* SUPPLIED INFORMATION *
________________________________________

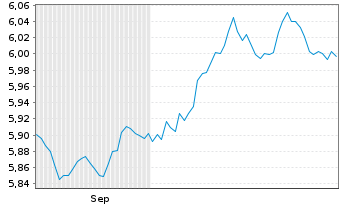 Chart Xtrackers II Germany Gov.Bond - 6 Months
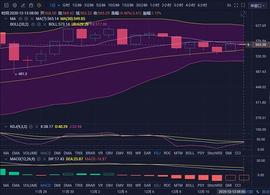 珊珊说币：12月13日 以太坊再次拉升 把握短线机会_FIL:Filecoin Standard Hashrate Token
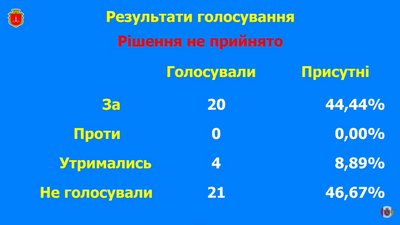 Капремонт Київського райсуду Одеси: голосування депутатів Капремонт Київського райсуду Одеси: голосування депутатів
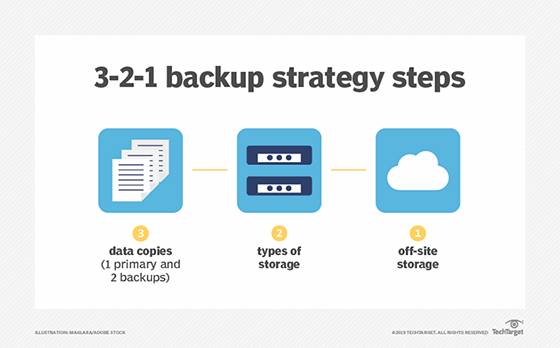Steps of the 3-2-1 backup strategy.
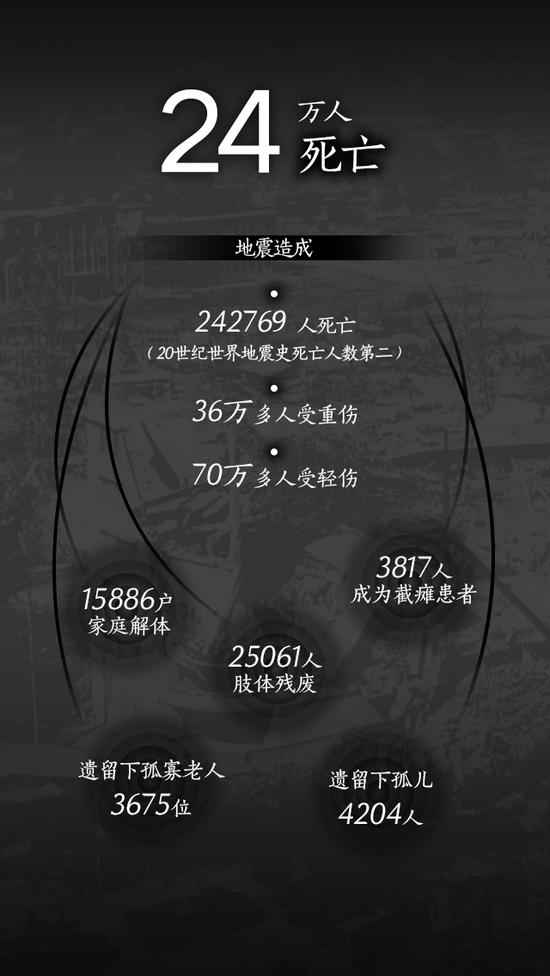 四十年后,媒体用可视化报道走进唐山之殇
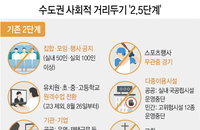 1일 사회적 거리두기 (종합)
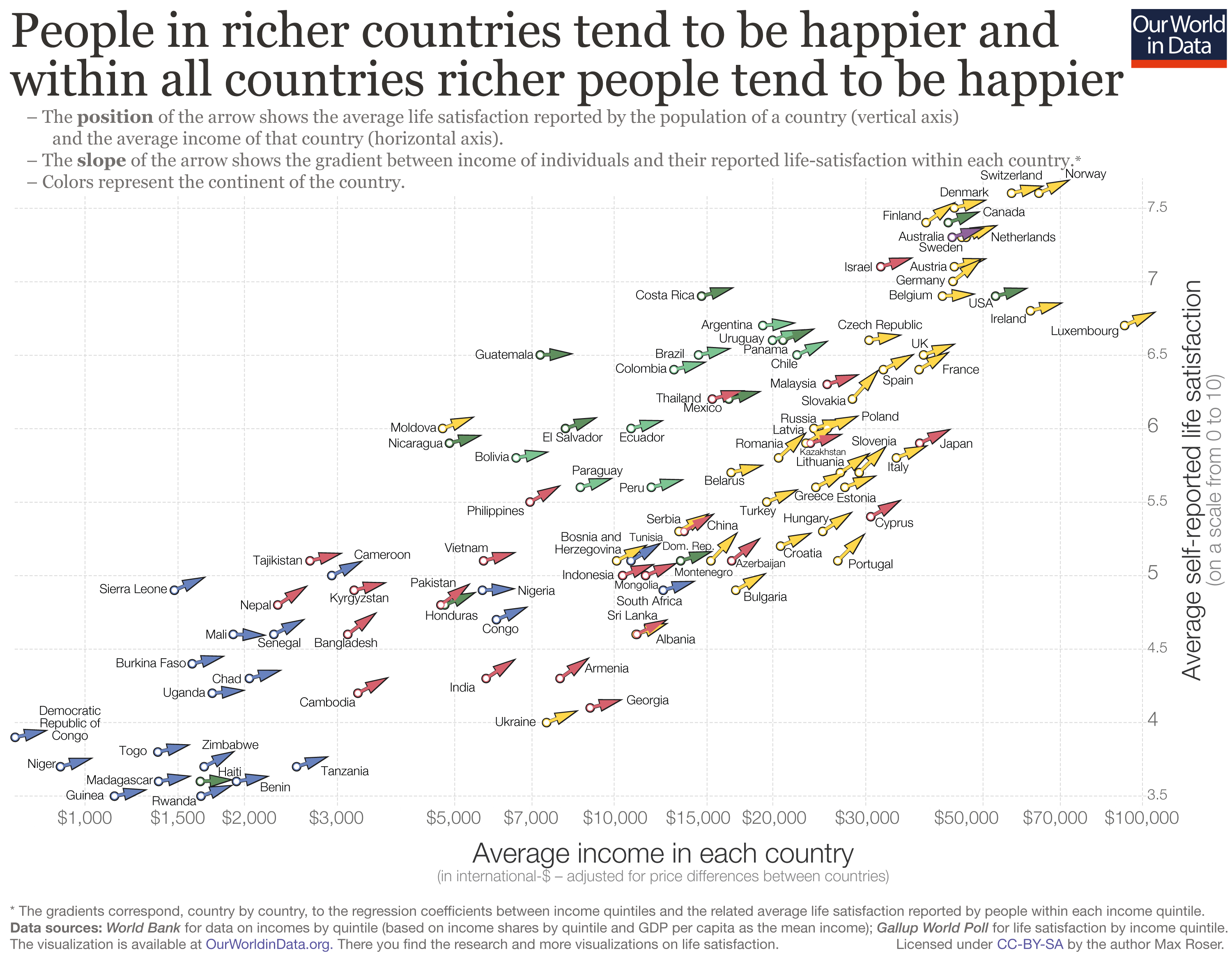 People in richer countries tend to be happier, and within all countries, richer people tend to be happier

________________________________________

* WORK TO COMPLETE *
What you print must match the entries exactly, except that no pictures appear.

* REPLY TO THE EXERCISE *
 Chart Xtrackers II Germany Gov.Bond - 6 Months
 珊珊说币：12月13日 以太坊再次拉升 把握短线机会_FIL:Filecoin Standard Hashrate Token
 Капремонт Київського райсуду Одеси: голосування депутатів Капремонт Київського райсуду Одеси: голосування депутатів
Steps of the 3-2-1 backup strategy.
 四十年后,媒体用可视化报道走进唐山之殇
 1일 사회적 거리두기 (종합)
 People in richer countries tend to be happier, and within all countries, richer people tend to be happier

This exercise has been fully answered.